Partnership advocates used broad strokes to paint a worrisome picture regarding the waters of the Puget Sound.
The Agenda released by the Partnership, the state’s lead agency charged with restoring the health of the Puget Sound, is meant to be the roadmap to a healthier Puget Sound by prioritizing cleanup and improvement projects.
As with any artist, the Partnership carefully chose colors that when splashed on the Agenda’s canvas, would explain their vision of what is wrong with the Sound.
The artistic strokes of the Partnership include recent headlines of starving resident Orca whales, a study that claims 52 million pounds of untreated pollutants entering the Sound annually and a promise that our economy will benefit from “green-collar jobs” created by the Agenda.
During the 2009-11 biennium the Partnership will seek between $200 and $300 million from taxpayers to fund new action items identified in the Agenda.
In addition, it appears that the partnership will explore additional funding, such as asking the legislature for the authority to create a local taxing district.
However, before the Partnership drastically increases the tax burden of Puget Sound residents, it should consider the following three policies that will provide savings to the taxpayer and provide benefits for the environment.
First, restore hundreds of miles of salmon habitat by replacing obstructed culverts on state roads. Research has shown that over 2,500 miles of salmon habitat is blocked by more than 1,600 culverts which are too narrow to allow fish further upstream.
At a cost of $10 million per year the state could open 500 miles of new habitat.
In addition there are other benefits to fixing culverts, including improved water quality and decreased localized flooding.
While enlarging culverts does not garner the same media and political attention as the Partnership’s Agenda goals, this simple act has been demonstrated as a cost-effective way to improve salmon habitat, a goal the Orcas can appreciate.
Second, the Partnership must remove cookie-cutter restrictions that prevent the application of low-impact development techniques.
Low-impact standards utilize new techniques to deal with stormwater in ways that avoid putting pollutants into the environment.
For the past several years the state, through the Puget Sound Partnership, has being leading the charge to stop negative impacts of development on the environment.
Millions of dollars have been spent at all levels of government to regulate development by using low-impact techniques.
Unfortunately, the state-led process has not been successful. Local jurisdictions have been slow to adopt restrictive regulations, in part because many of the low-impact techniques, like narrow roads and permeable pavement, are unproven and state regulations don’t allow application based on local conditions.
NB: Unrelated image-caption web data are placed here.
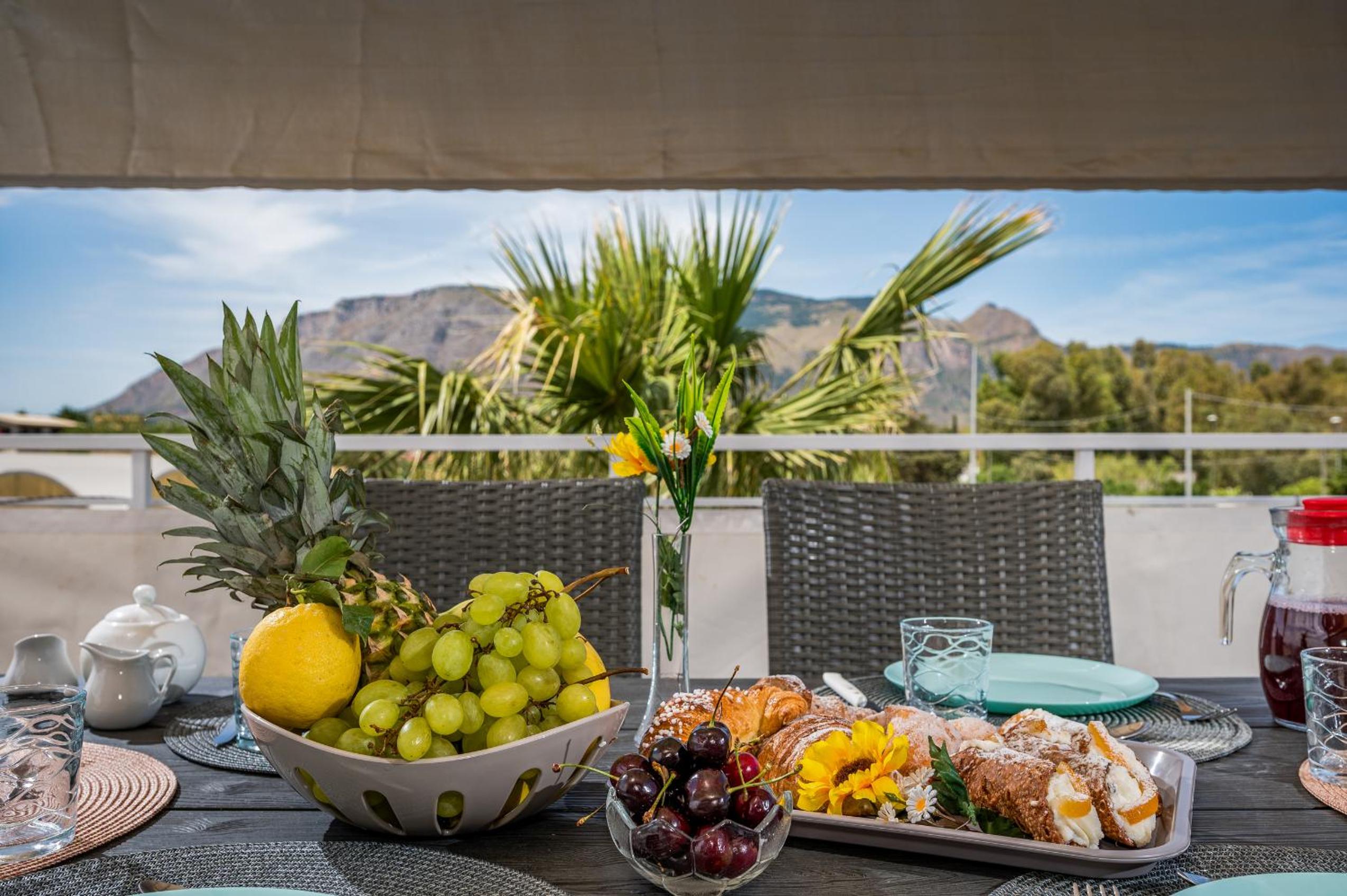 Trinacrys - Casa Vacanze photo 4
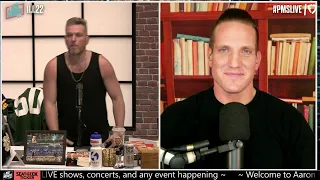 The Pat McAfee Show | Tuesday November 1st 2022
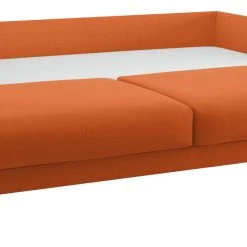 Flash Sale - Habitat Hyde 3 Seater Fabric Sofa Bed Orange Sofabeds -Seating Sales Store unnamed file 4797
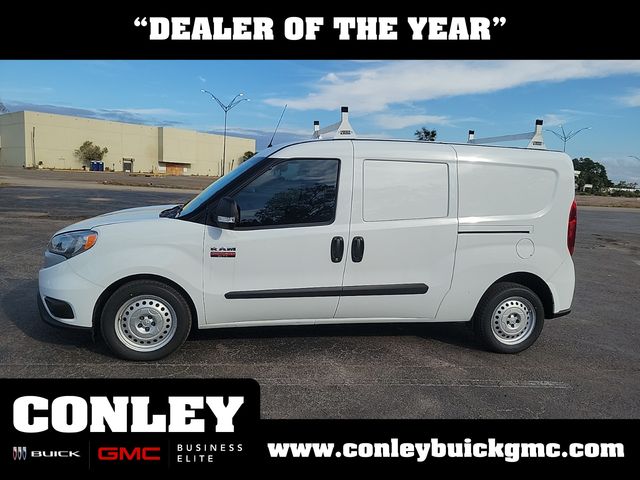 2022 Ram ProMaster Tradesman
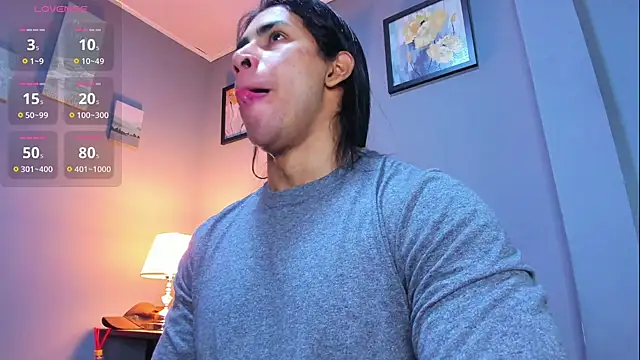jacob-coper Webcam show
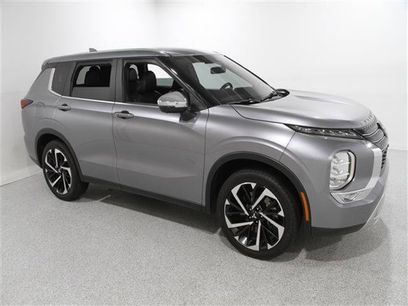 Used 2022 Mitsubishi Outlander SE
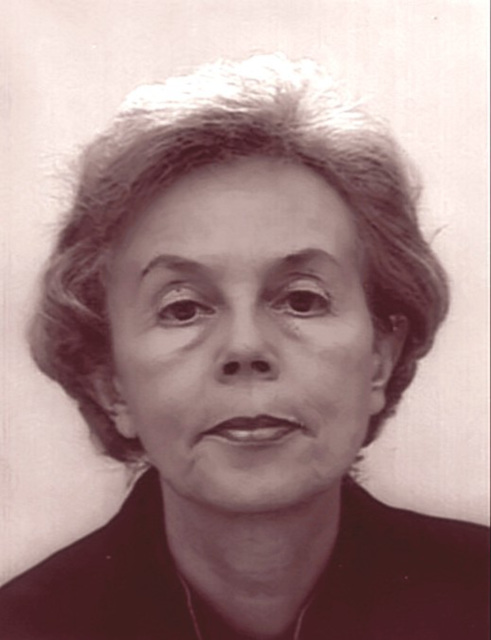 Forpasis Magda Šaturová (1929-2016)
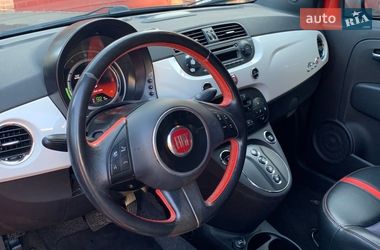 Хэтчбек Fiat 500e 2014 в Виннице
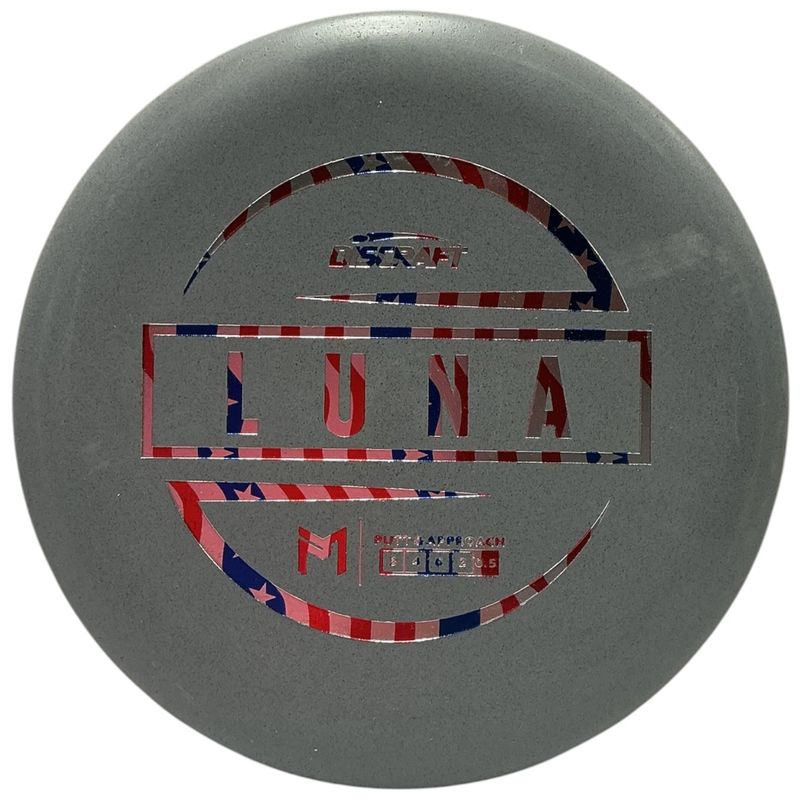 Paul McBeth Luna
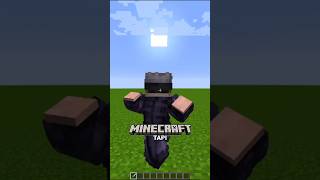 Minecraft tapi kamu mengatur kekuatan ku shorts [upl. by Mellie68]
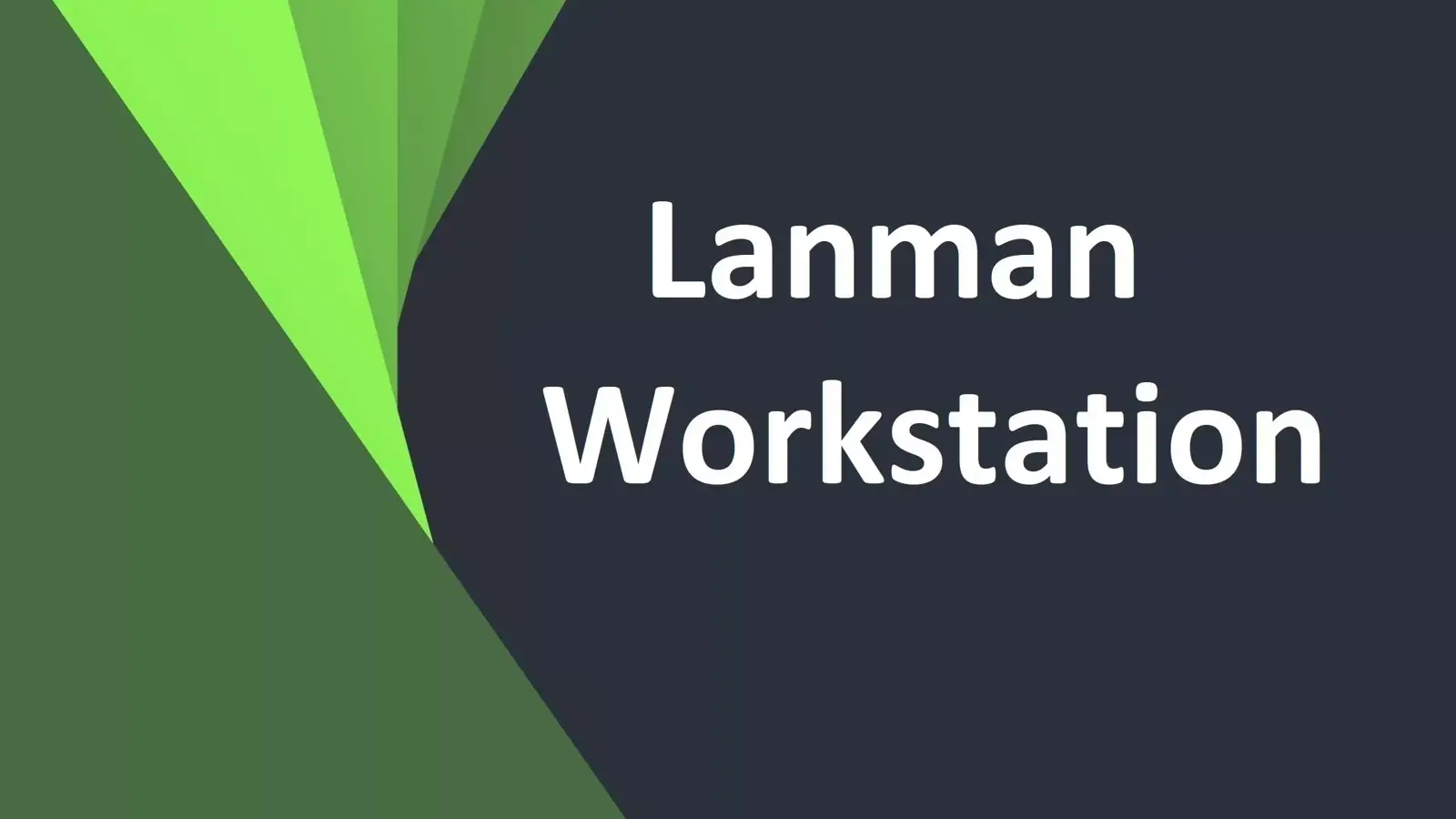 سرویس Workstation چیست؟ معرفی مکانیزم کاری LanmanWorkstation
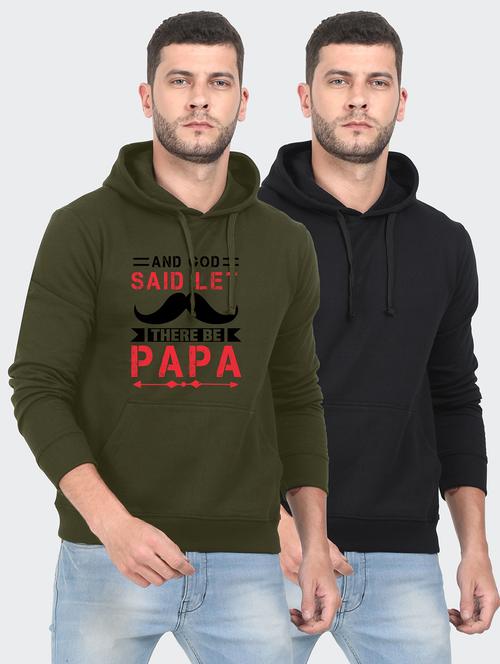 set of two hooded sweatshirt - 18147573 - Very Small Image - 1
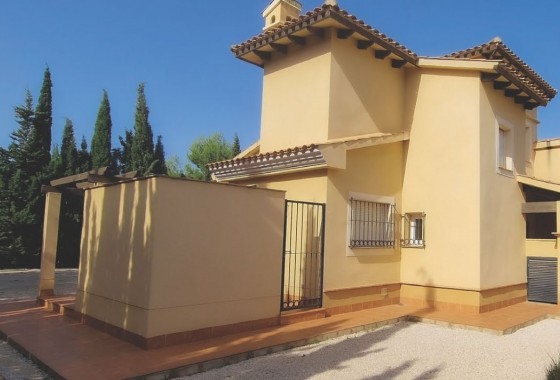 Detached Villa - New Build - Fuente alamo de Murcia - LAS PALAS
Top-down regulations will not create useful low-impact standards.
Flexibility and voluntary incentives at the local level are much more likely to create effective long-term environmental solutions.
Removing the barriers of bureaucracy that presently exist and allowing local development of practical low-impact guidelines will drastically reduce runoff that carries pollutants to the Sound.
Finally, the Partnership should discard promises of “green-collar jobs.”
Gov. Christine Gregoire has said that the Agenda “will result in the creation of hundreds, if not thousands, of green-collar jobs throughout the region.”
To achieve the goal in job creation the plan calls for additional layers of governmental oversight, which will increase the tax burden on state residents.
The artificial creation of jobs will come at the expense of existing employment and is likely to reduce the total number of jobs in the economy at a time when increasing taxes and cutting jobs makes little sense.
Even supporters of the effort scoff at the “green jobs” claim.
When told that the Partnership is selling the Agenda as a job creation tool, the chairwoman of the Senate Ways and Means Committee called it “rhetoric.”
The goals of the Puget Sound Partnership are honorable and worthy of continued discussion. But we need to ensure that as the Partnership moves forward they will do so in the most cost-effective and efficient ways, otherwise goals may not be met and taxpayers will once again be left with an overpriced piece of art.
Brandon Houskeeper is a policy analyst with the Washington Policy Center.